Problem description:
In the entries below, find the line with "1940 circa Tom" and transcribe it and every line after it exactly, through the last line, without pictures.

Extracted records:
::::
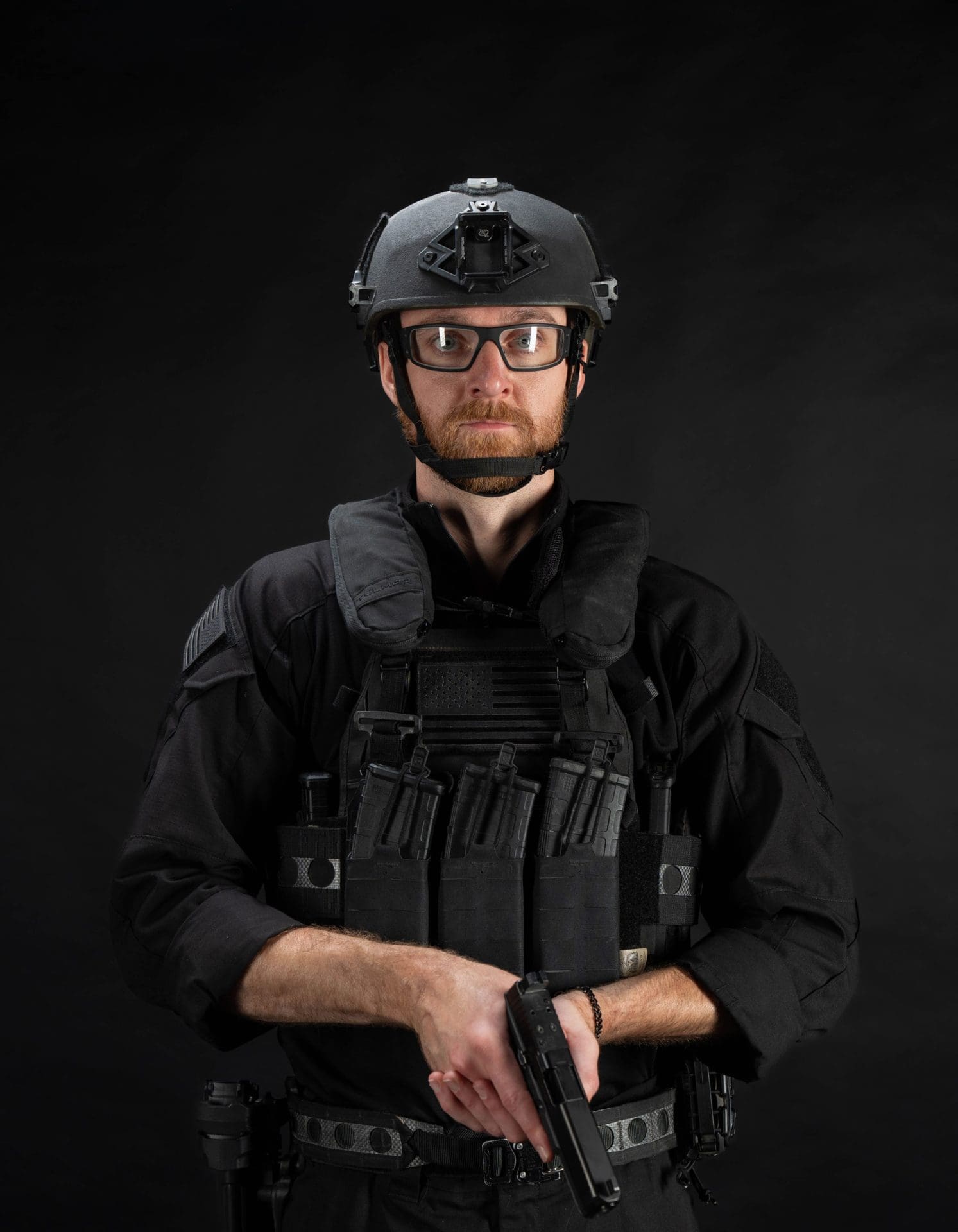Person in tactical gear holding a firearm against a black background.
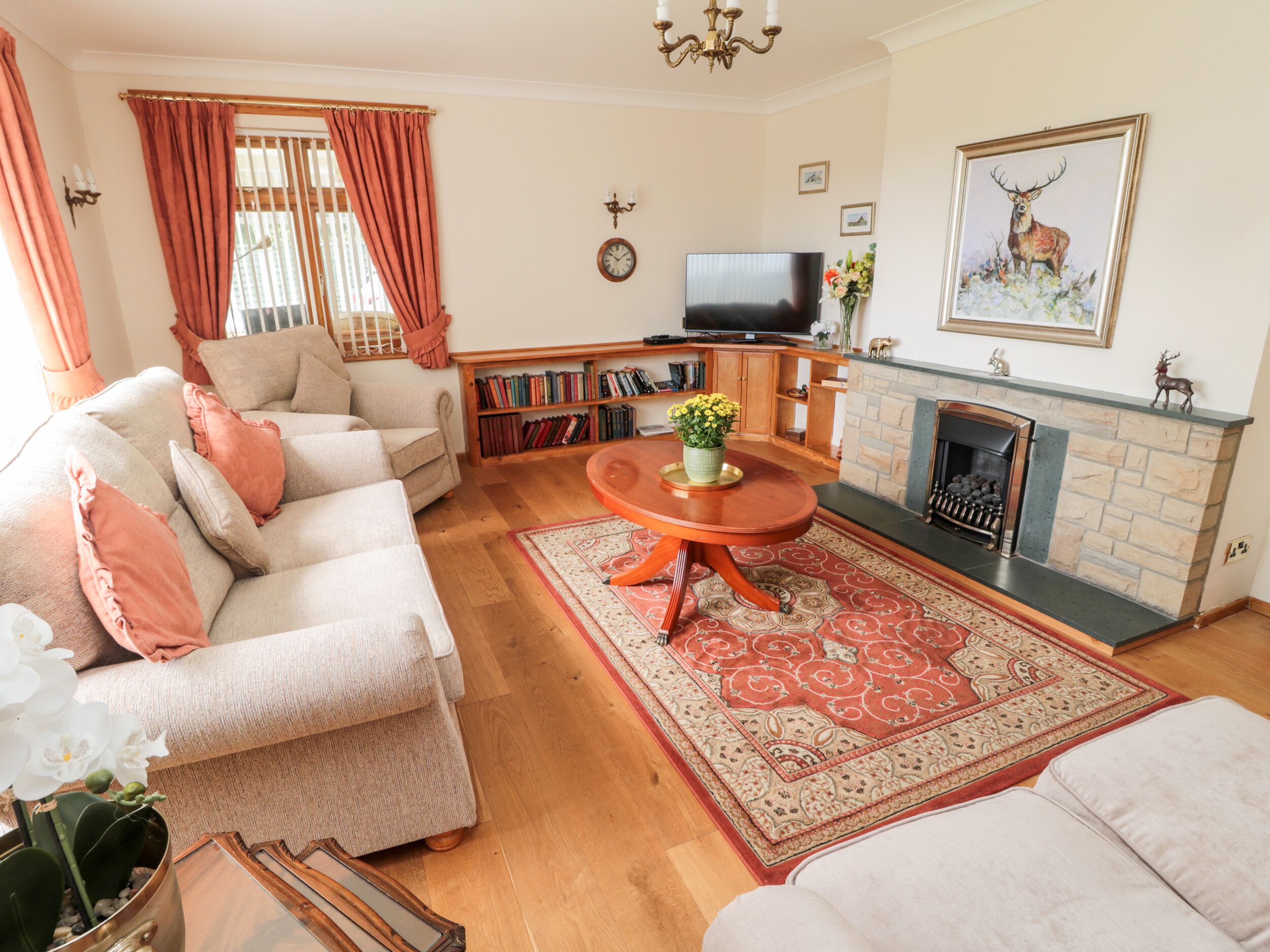 A living room with a sofa, a coffee table, a fireplace, a television, and a bookshelf.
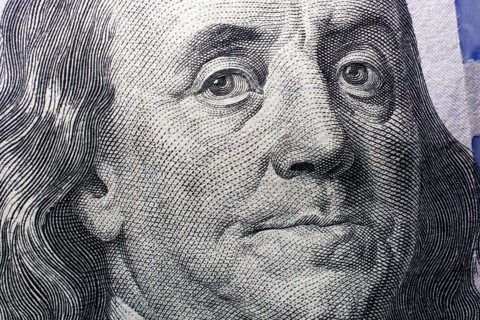 Close up of Benjamin Franklin face on 100 US dollar bill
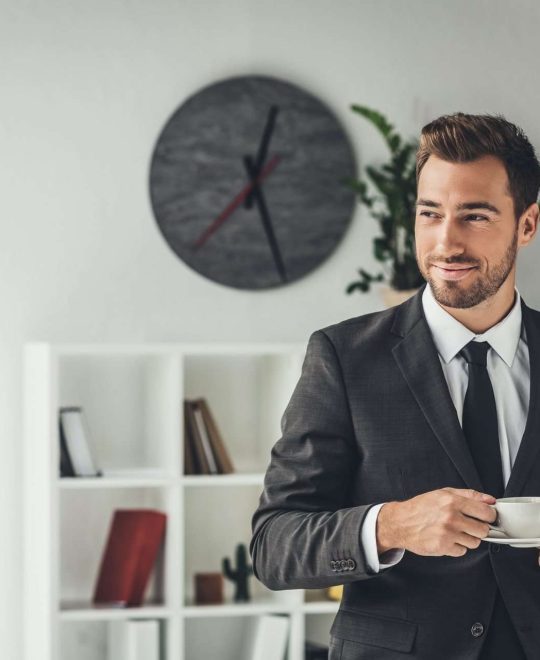 happy-young-businessman-with-cup-of-coffee-at-offi-JB7JNZ8.jpg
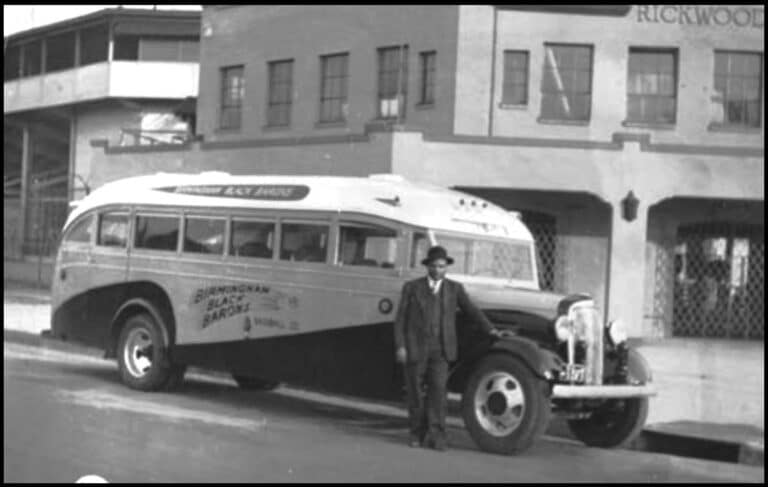 1940 circa Tom Hayes - Birmingham Black Barons owner with team bus at the entrance to Rickwood Field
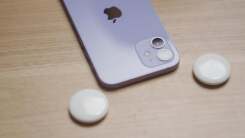 A purple iPhone sitting on a wood table next to two circular AirTag devices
::::
Your solution:
 1940 circa Tom Hayes - Birmingham Black Barons owner with team bus at the entrance to Rickwood Field
 A purple iPhone sitting on a wood table next to two circular AirTag devices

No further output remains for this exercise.